The dreadful fourth-quarter could come in useful in other ways. The company's best hope of seeing off any legal challenge from its perp-holders is to argue that there'd be no economic value left in the business anyway.
Given there's $3.4 billion of senior debt outstanding, perp-holders will probably need to demonstrate there's at least that amount left if they want a seat at the table. The evidence against that is mounting.
Noble's senior notes still trade at less than 50 cents on the dollar, indicating that investors don't hold much hope for even the uppermost tranches of debt. That weak fourth-quarter result suggests Noble is set to continue its run of negative free cash flows, too, implying the business wouldn't be worth much using a discounted cash flow valuation. A third-party takeover seems highly improbable, given that Noble has been touting that to the likes of Sinochem Group for a year now.

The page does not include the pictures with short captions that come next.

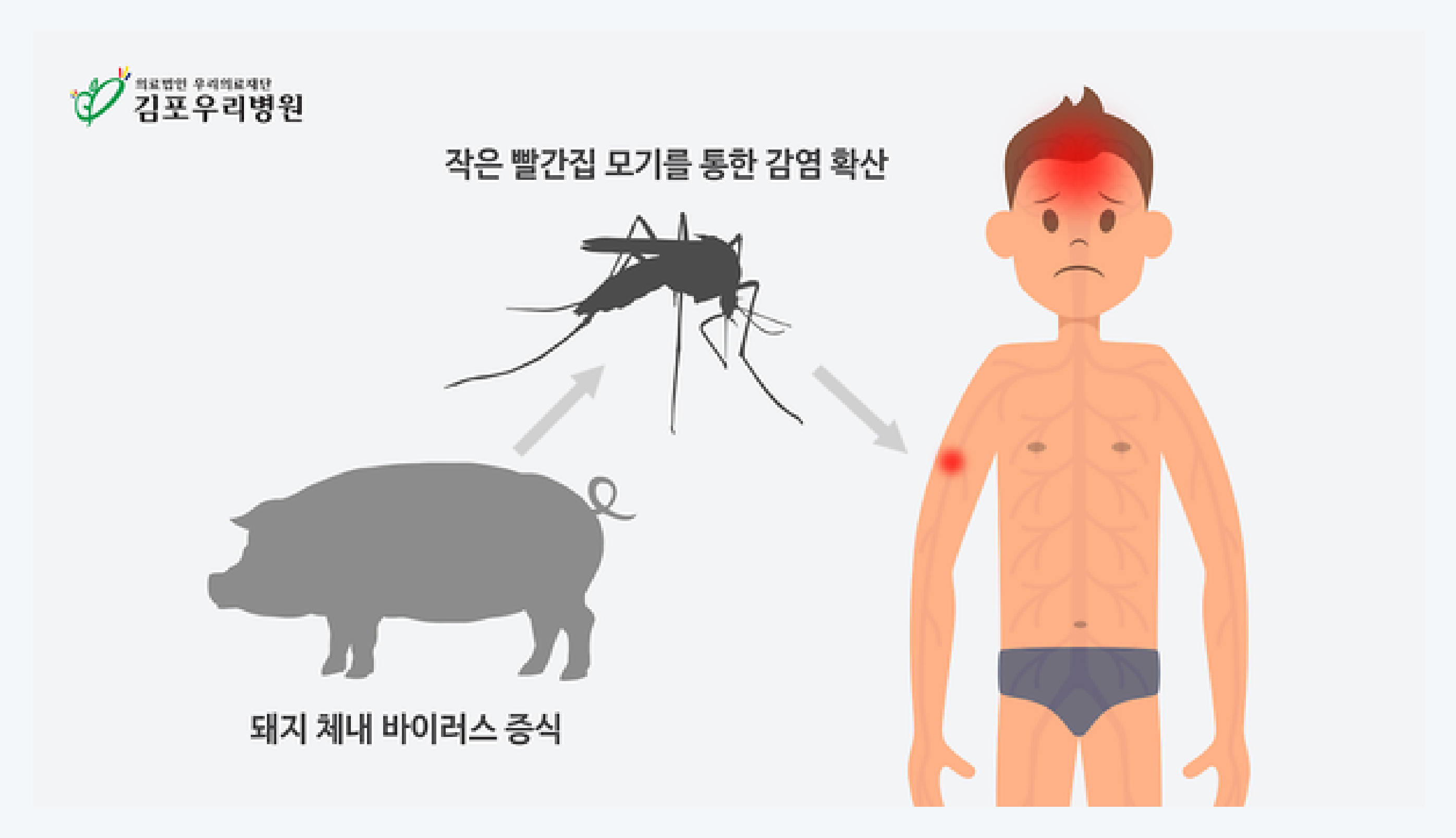 일본뇌염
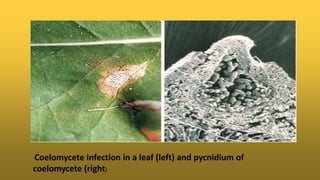 Coelomycete infection in a leaf (left) and pycnidium of
coelomycete (right)
 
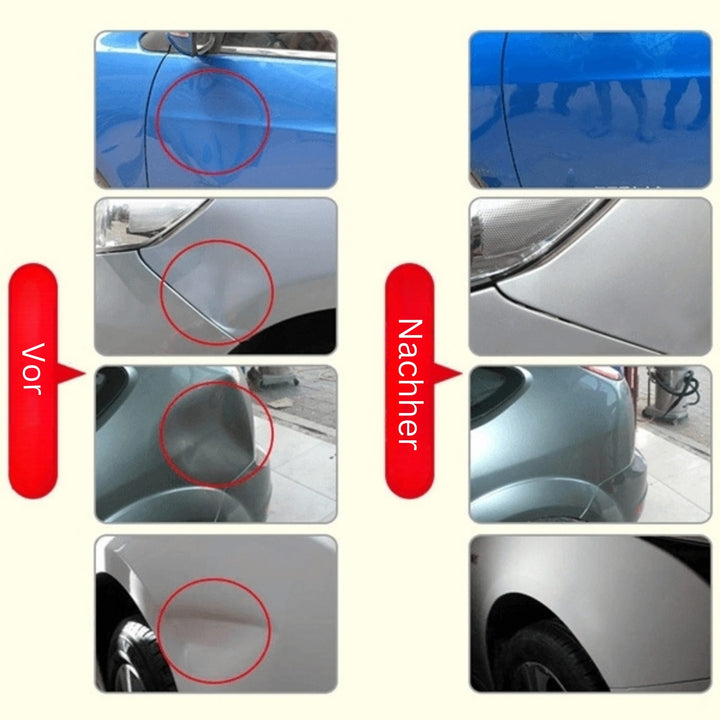 DeukFix Zestaw Naprawczy – Usuwanie Wgnieceń bez Uszkodzenia Lakieru | Karnz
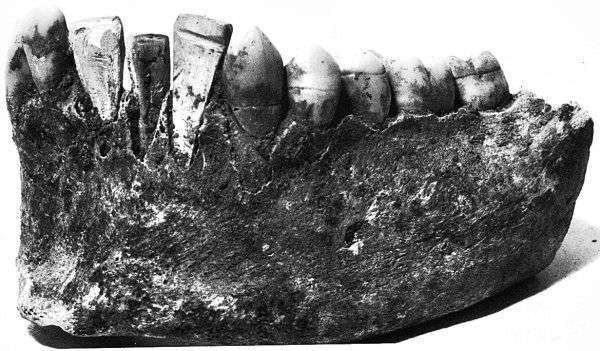 Фрагмент нижней челюсти 20летней индианки из племени Майя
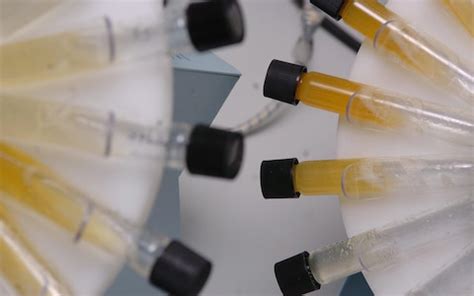 simple urine test  ovarian cancer   radically improve survival rates   horizon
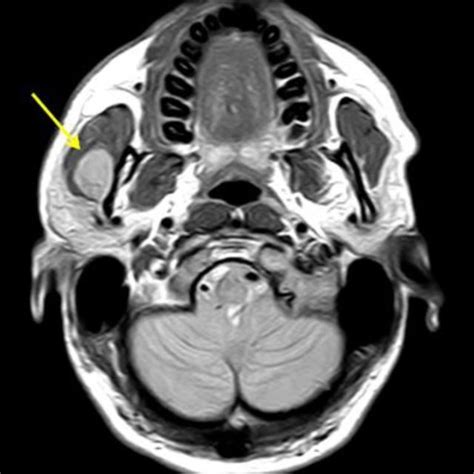 Mri Showing An Oval Mass In The Right Masseter Muscle Which Was Mildly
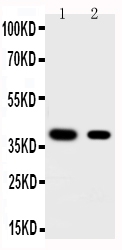 1 - Anti-KLF5 Antibody ABO11195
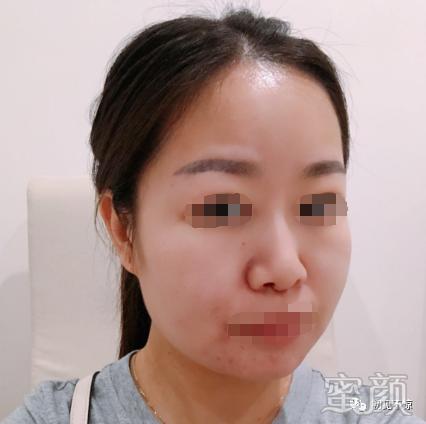 案例图片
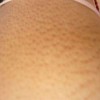 鱼鳞病给患者带来哪些危害
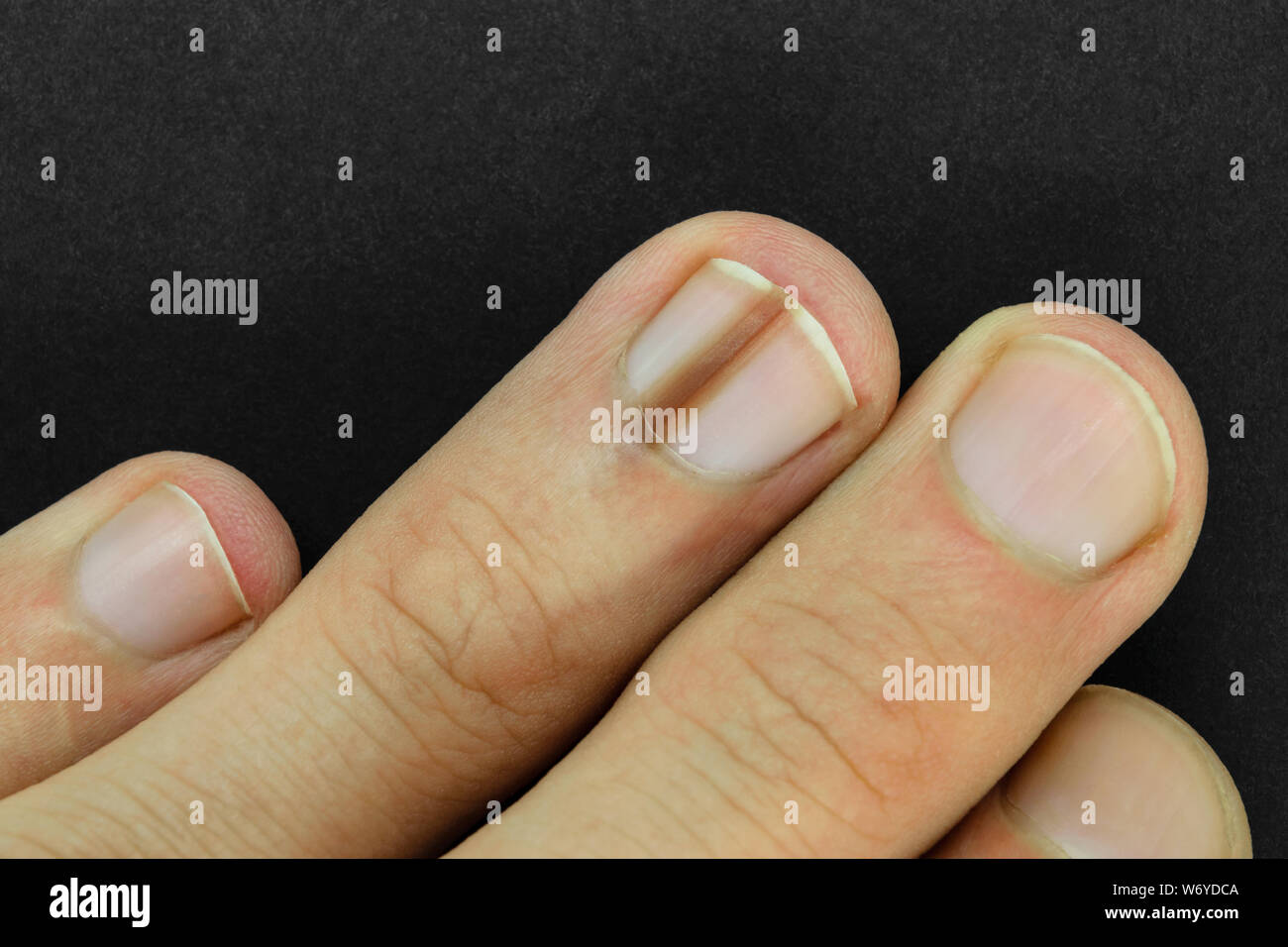 Vue du dessus de l'homme part avec ligne marron sur l'un des ongles de  doigt mieux connu sous le nom de pigmentation des ongles (melanonychia) sur  fond noir et mat surfa Photo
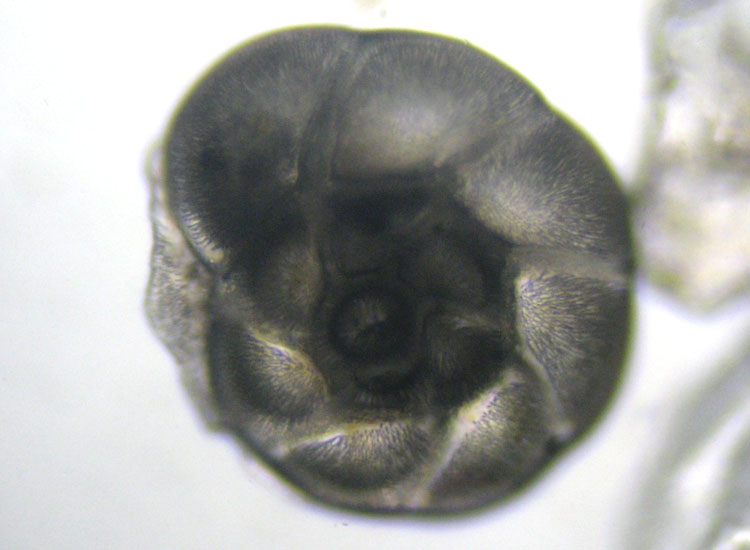 Microfossili o microconchiglie?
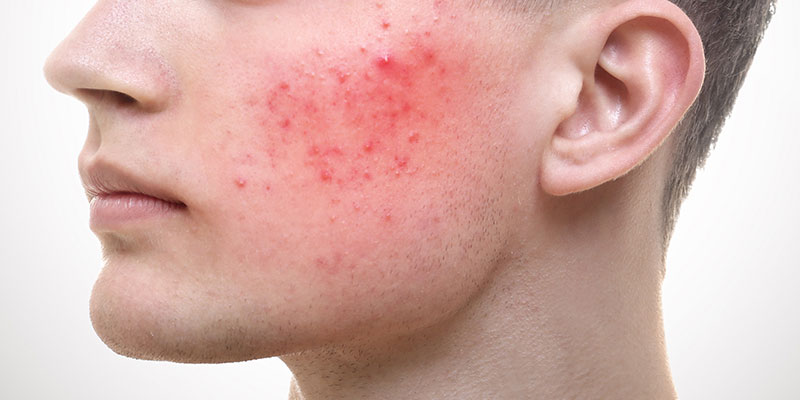 Acne Rosacea: Causes, Symptoms And Treatments In India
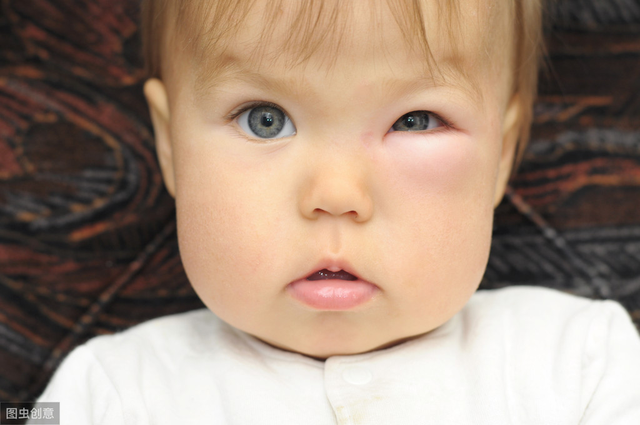 婴儿眼睛被蚊子咬肿了怎么办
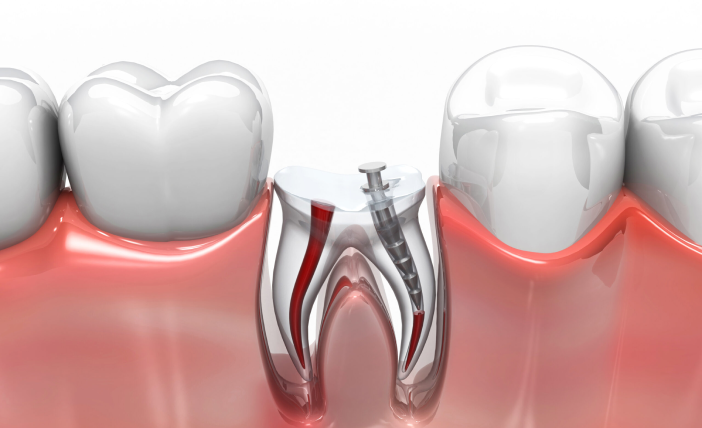 Root Canal
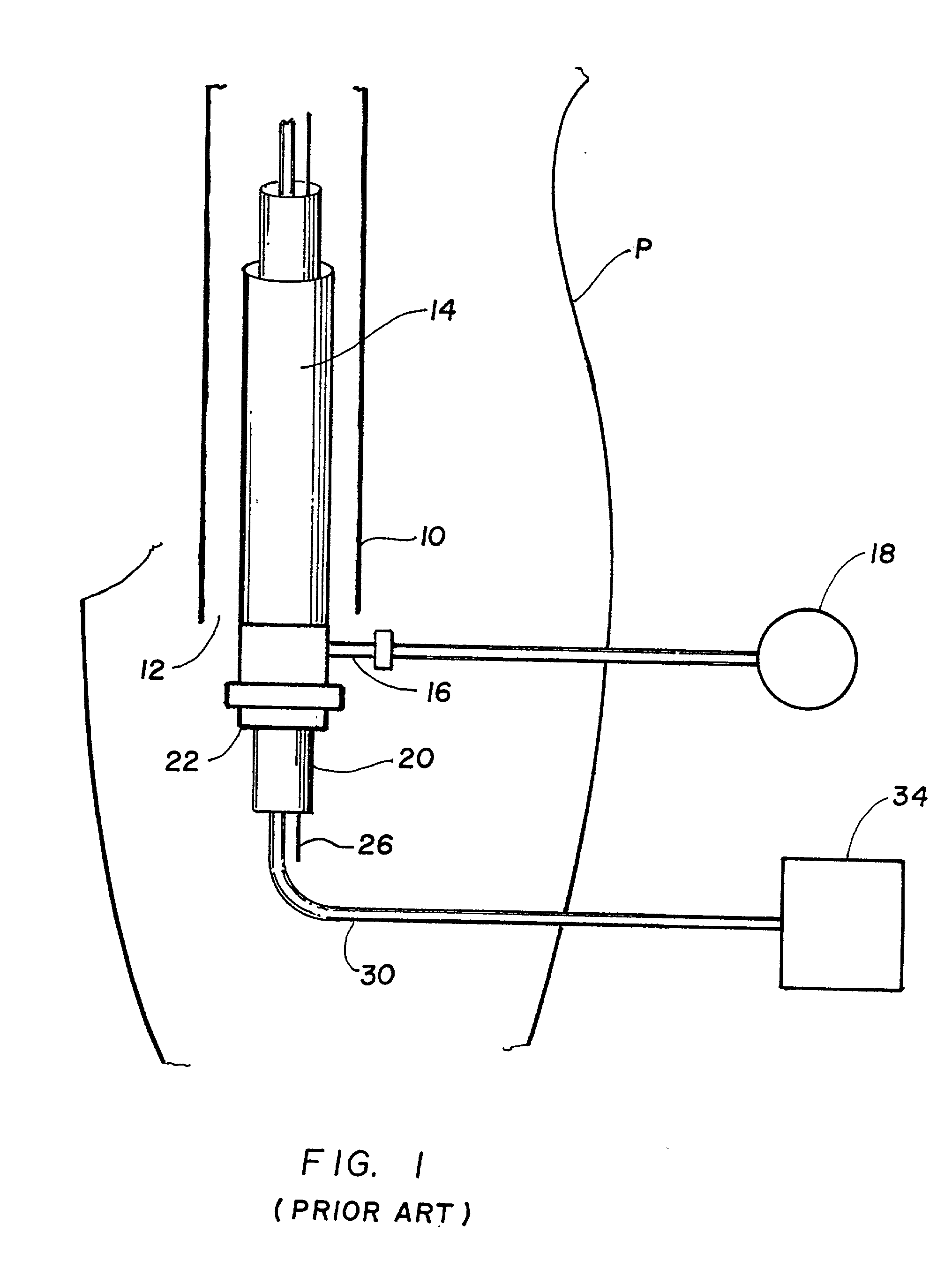 Perfusion procedure and apparatus for preventing necrosis following failed balloon angioplasty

The net loss could prove most decisive, though. Noble's perps are considered part of the equity on its balance sheet, and it's near impossible to imagine a scenario where Monday's writedowns wouldn't leave them deep underwater.
Of the $1.05 billion in net assets left at the end of September, $565 million was part of the Noble Americas Corp. oil liquids business that was sold off last month. Subtract the $1.45 billion to $1.55 billion that's being written off Noble's derivatives book, and the balance sheet seems certain to be holed below the waterline.
When operating cash flows were lacking in recent years, mark-to-model valuations on that derivatives book conjured paper profit out of thin air -- useful for senior staff with bonuses linked to earnings. Now those executives are fighting junior creditors for a slice of the corpse, a more conservative approach is producing one-time losses that will weaken the perp-holders' bargaining hand.
Noble's derivatives book has served management well over the years. It would be rich indeed if it did them this one last favor in extremis.
Plenty of businesses trade without difficulty while insolvent in this sense -- it's only cash-flow insolvency, where a company defaults on its debts, that precipitates a crisis. However, in a wind-up scenario where accountants switch from viewing a company as a going concern to a stock of assets to be liquidated, negative net assets become a much more important consideration.